■ WHAT YOU SHOULD DO
Your answer must be the lines from the top of the listing below through the line that holds "flipkart.com alltar Steel", retyped exactly, with no pictures.

===== MATERIAL FOR THIS TASK

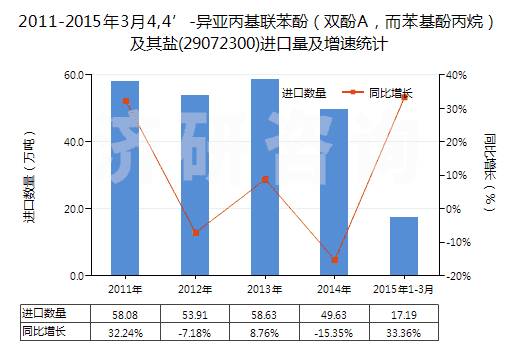 2011-2015年3月4,4’-異亞丙基聯(lián)苯酚（雙酚A，而苯基酚丙烷）及其鹽(29072300)進(jìn)口量及增速統(tǒng)計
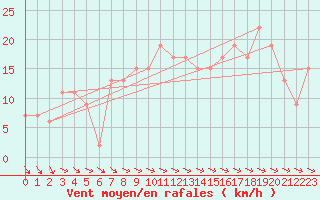 Courbe de la force du vent pour St Athan Royal Air Force Base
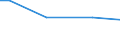 Bundesländer: Thüringen / Verwendungszweck: Sämereien, Zwiebeln und Knollen / Wertmerkmal: Betriebe mit Grundflächen des Zierpflanzenanbaus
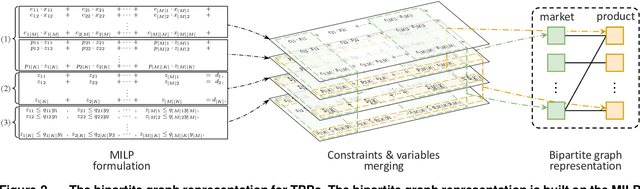 Figure 3 for Deep Reinforcement Learning for Traveling Purchaser Problems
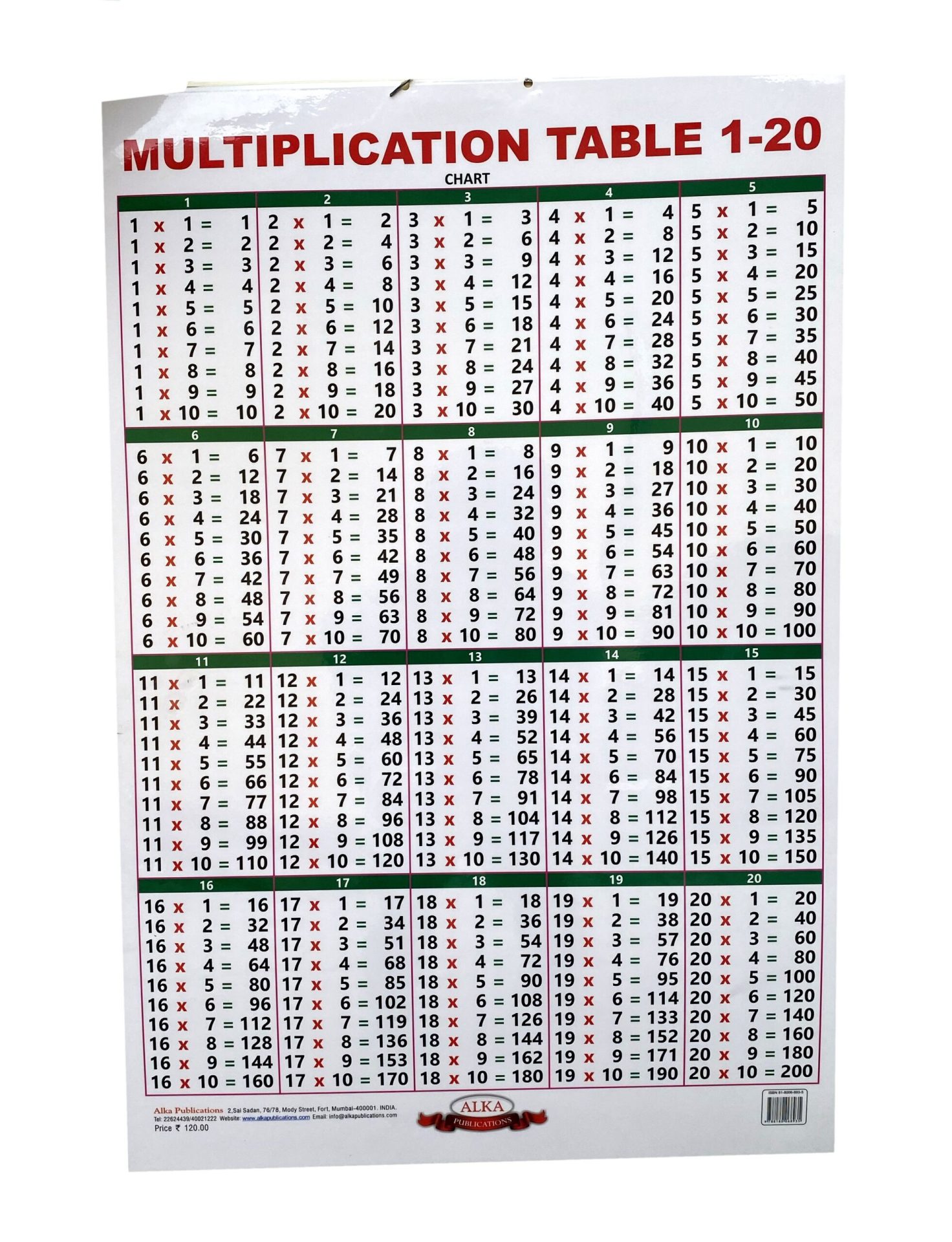 Chart Number / Multiplication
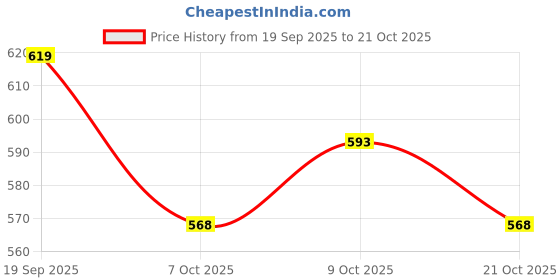 flipkart.com alltar Steel Toe Genuine Leather Safety Shoe alltar Price History Graph from 19 Sep 2025 to 21 Oct 2025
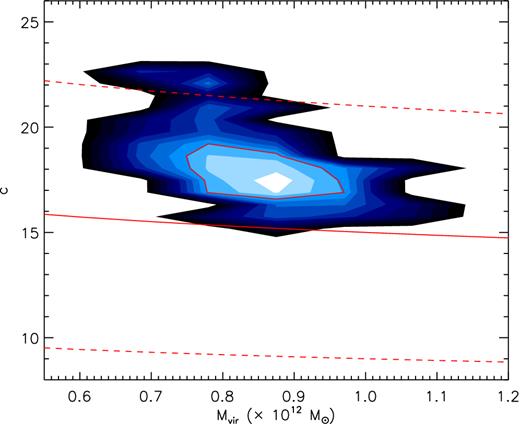Two-dimensional PDF of virial mass Mvir and concentration parameter c. The red solid line delineates the Mvir–c relation predicted by the ΛCDM simulations of Bullock et al. (2001). The dashed red lines border the scatters of the relation. The red contour represents the 1σ confidence level.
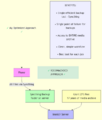 Thumbnail for version as of 23:53, 25 April 2025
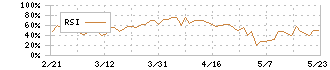 イクヨ(7273)のRSI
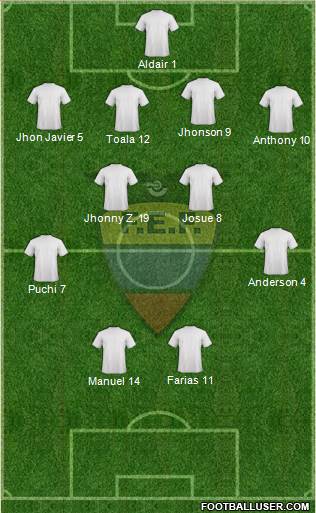 Ecuador Formation 2014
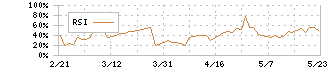 ウインテスト(6721)のRSI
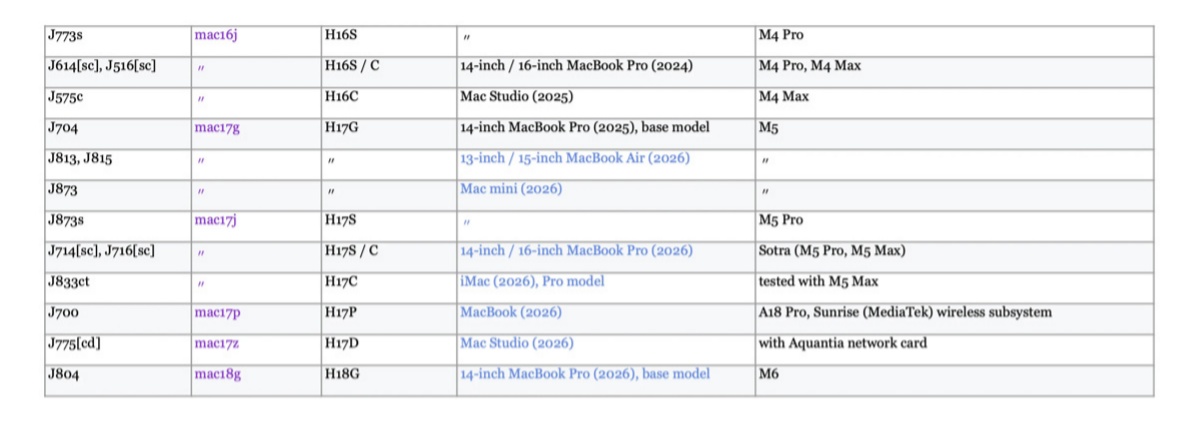 ▲ 图源：@白饭炒白米饭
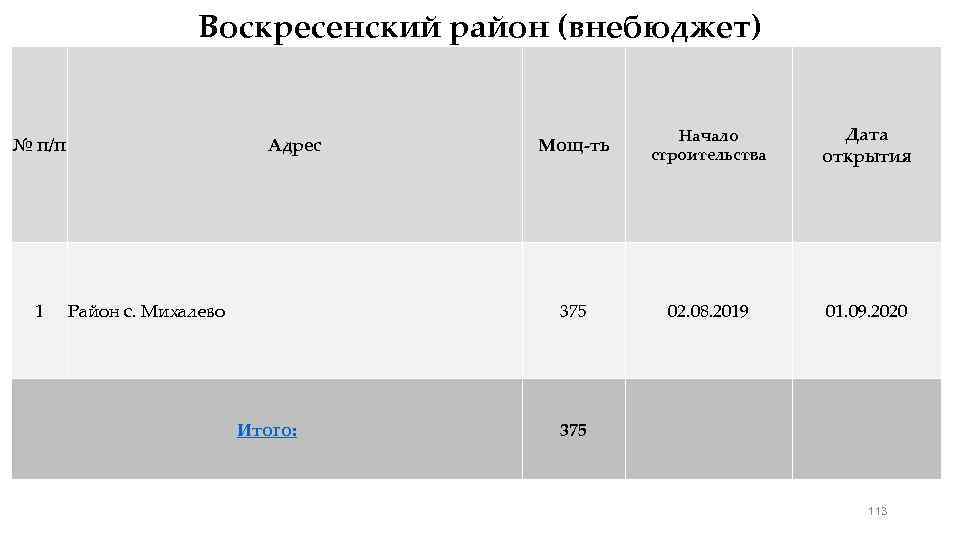 Даты строительства городов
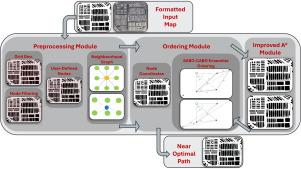 Angle-based multi-goal ordering and path-planning using an improved A-star algorithm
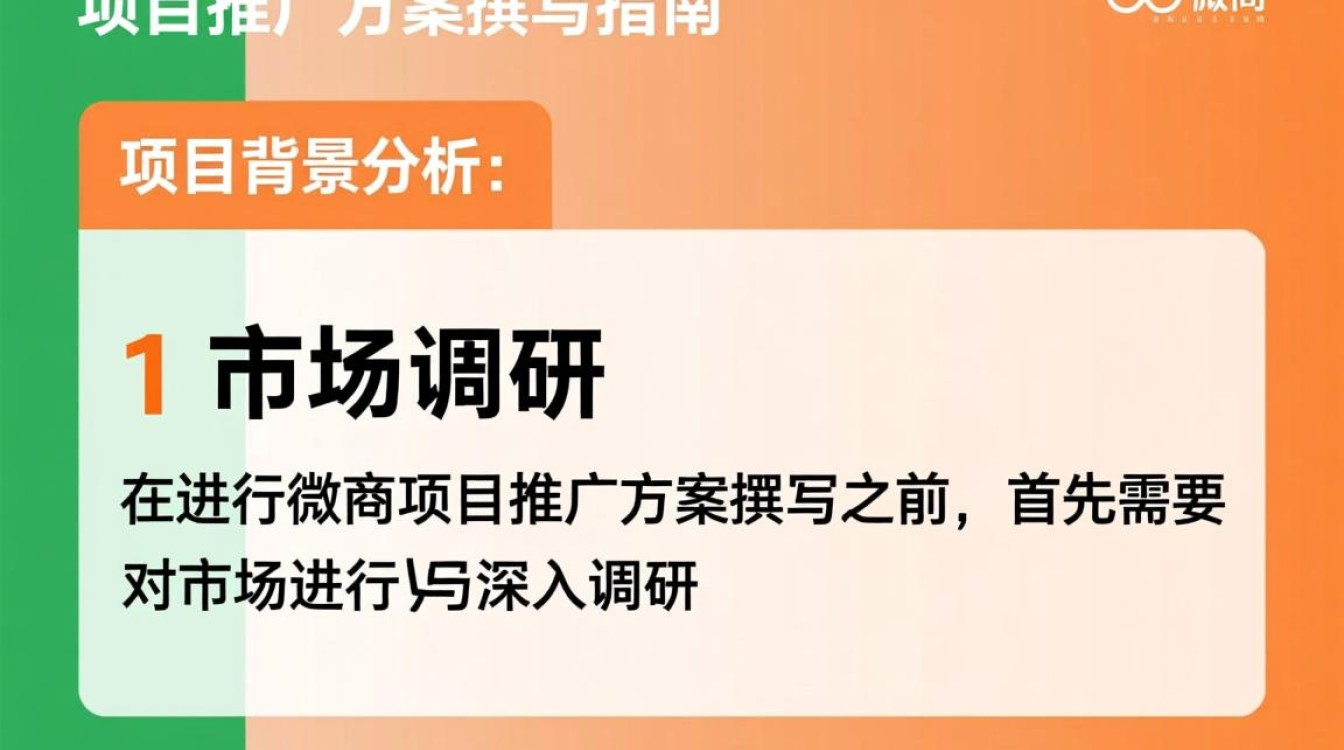 微商项目推广方案怎么写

==========

■ REPLY TO THE EXERCISE
 2011-2015年3月4,4’-異亞丙基聯(lián)苯酚（雙酚A，而苯基酚丙烷）及其鹽(29072300)進(jìn)口量及增速統(tǒng)計
 Courbe de la force du vent pour St Athan Royal Air Force Base
 Bundesländer: Thüringen / Verwendungszweck: Sämereien, Zwiebeln und Knollen / Wertmerkmal: Betriebe mit Grundflächen des Zierpflanzenanbaus
 Figure 3 for Deep Reinforcement Learning for Traveling Purchaser Problems
 Chart Number / Multiplication
 flipkart.com alltar Steel Toe Genuine Leather Safety Shoe alltar Price History Graph from 19 Sep 2025 to 21 Oct 2025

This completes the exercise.